28 rzeczy, które powiedziałabym sobie 10 lat temu
- Możesz iść do kina sama.
- Możesz tańczyć sama.
- W ogóle możesz robić sama dużo różnych rzeczy, które sprawiają ci frajdę, a niekoniecznie są ciekawe dla innych.
- Największym aktem odwagi jest poproszenie o pomoc.
- Nienawiść jest łatwa. Zrozumienie, współczucie i przebaczenie – to jest dopiero wyzwanie.

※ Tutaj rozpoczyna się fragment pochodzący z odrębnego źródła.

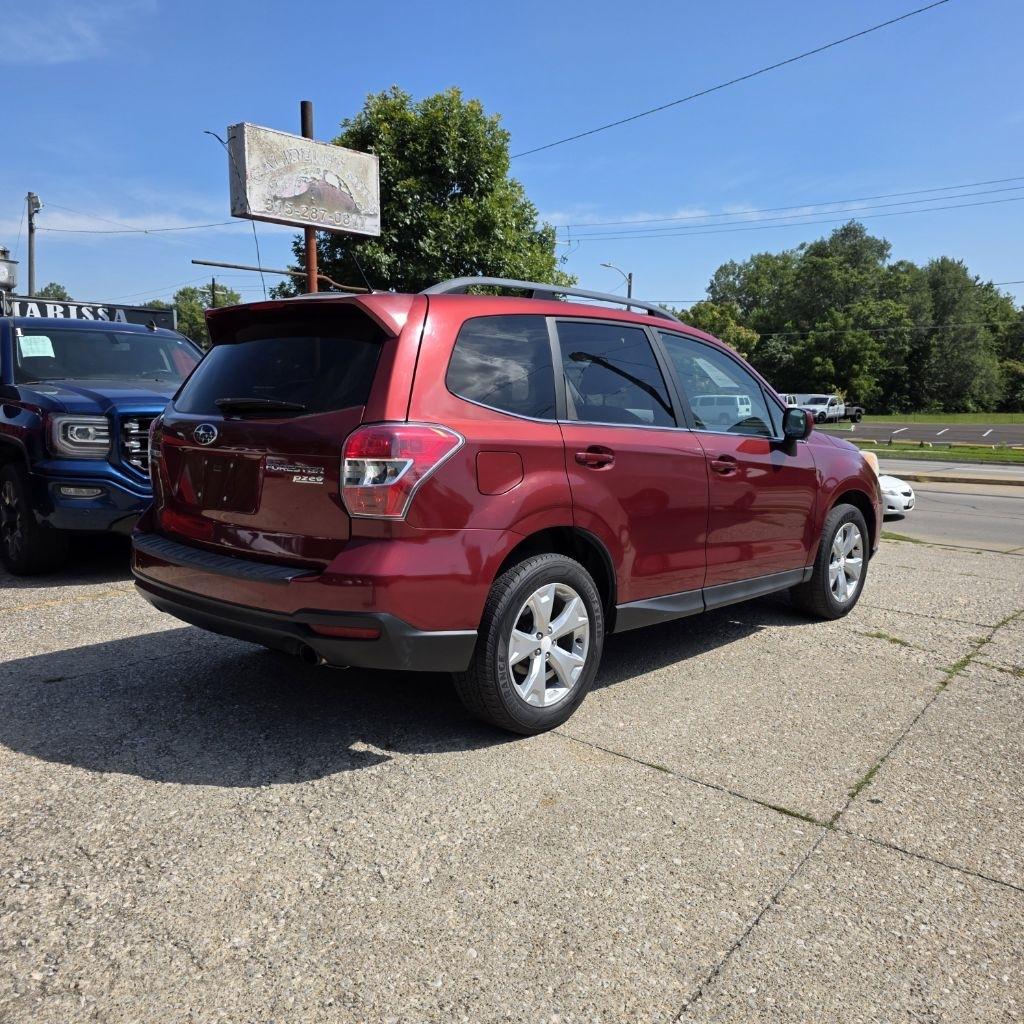 Subaru Forester 2.5i Limited 2014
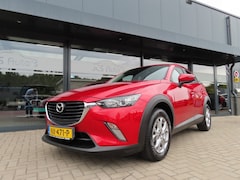 Mazda CX-3 - 2.0 SAG 120 Dynamic Ecc Cruise Pdc 2017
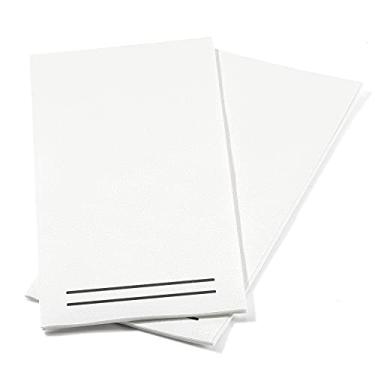 Imagem de Pacote com 100 toalhas de mão de papel de convidado de linho | Toalhas de papel descartáveis super absorventes para banheiro, festa, casamentos ou eventos | Design decorativo dobrado de 30 x 43 cm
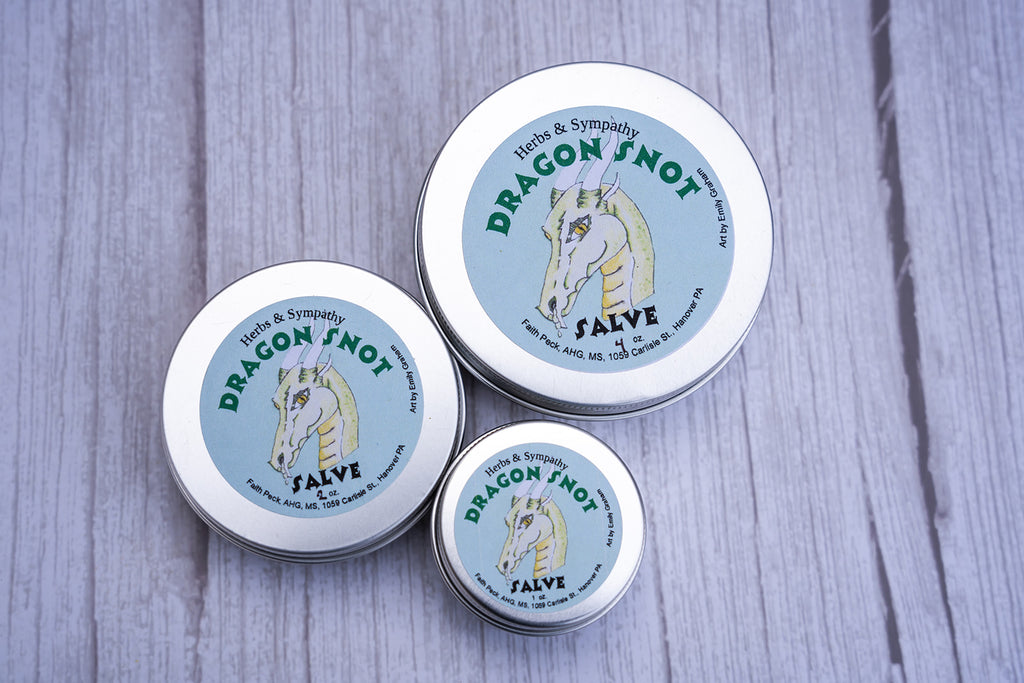 Dragon Snot image 2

- To, co ludzie mówią o tobie, mówi więcej o nich niż o tobie.
- Czasem ludzie tak naprawdę mają problem ze sobą, a nie z tobą – niektórzy projektują swoje problemy i lęki na innych. Nie bierz wszystkiego do siebie.
- Akceptacja siebie polega na przyznaniu sobie prawa do popełniania błędów i niedoskonałości, przy jednoczesnym uznaniu, że wciąż zasługujemy na miłość i szacunek.
- Nie musisz się uśmiechać do każdego zdjęcia.
- W ogóle nikomu i niczemu nie jesteś winna swoich uśmiechów.
- Nie jesteś tym, co robisz i nie jesteś swoją pracą.
- Nie jesteś słoikiem Nutelli, żeby cię wszyscy lubili.
- Życie pełnią życia obejmuje również przeżywanie tych przykrych emocji.
- Stawianie granic, to wyznaczanie potencjalnej linii frontu. Tak naprawdę wszystko jest całością – życie i śmierć, miłość i nienawiść, ból i euforia, radość i smutek, wojna i pokój. Im mniej granic, tym lżej.
- Poznaj swój cień – swoje wady, wszystko co wypierasz i wolisz o tym nie myśleć. To trudne i wymaga wiele odwagi, ale warto.
- Nie musisz się na wszystko zgadzać z lęku przed odrzuceniem. (Patrz punkt 12)
- Nie zdołasz wszystkim pomóc. Niektórzy tego zwyczajnie nie chcą, a inni z kolei nie są gotowi.
- Nie próbuj wszystkim pomagać. Człowiek to nie zepsute radio, żeby zaraz próbować go nastroić.
- Bierz ludzi takimi, jakimi są. Nie licz, że ktoś się z czasem zmieni.
- Jeżeli ktoś traktuje cię jakby miał cię w dupie – uwierz mu.
- Czas nie ma znaczenia, liczą się ludzie i ich intencje – ktoś poznany godzinę temu może okazać ci więcej empatii niż ktoś, kogo znasz całe życie.
- Przejście nad czymś niekoniecznie oznacza pogodzenie się z tym. Przeżycie wszystkich emocji towarzyszących stracie jest szalenie ważne dla prawidłowego zagojenia się ran.
- Najlepszym sposobem na kaca jest picie jednostki wody na jednostkę alkoholu.
- Człowiek ewoluuje i ty też wciąż się zmieniasz. To nic złego, że zmieniają ci się pasje i ciągle szukasz nowego hobby, żeby po jakimś czasie je porzucić – bo kto, do licha, powiedział, że tak nie można?
- Nigdy nie wiesz, kto zostanie w twoim życiu na dłużej, a kto jest tylko przejazdem. Nie trzymaj się ich kurczowo.
- Nigdy nie wiesz co się dzieje u kogoś „za zapleczu” i jakie walki toczy – staraj się być życzliwa.
- Możesz milczeć, jeśli nie masz nic do powiedzenia. Krępująca cisza jest tylko wtedy krępująca, gdy burczy ci w brzuchu.
- Jedyna pewna rzecz w życiu to zmiana. I co by nie było – to też przeminie.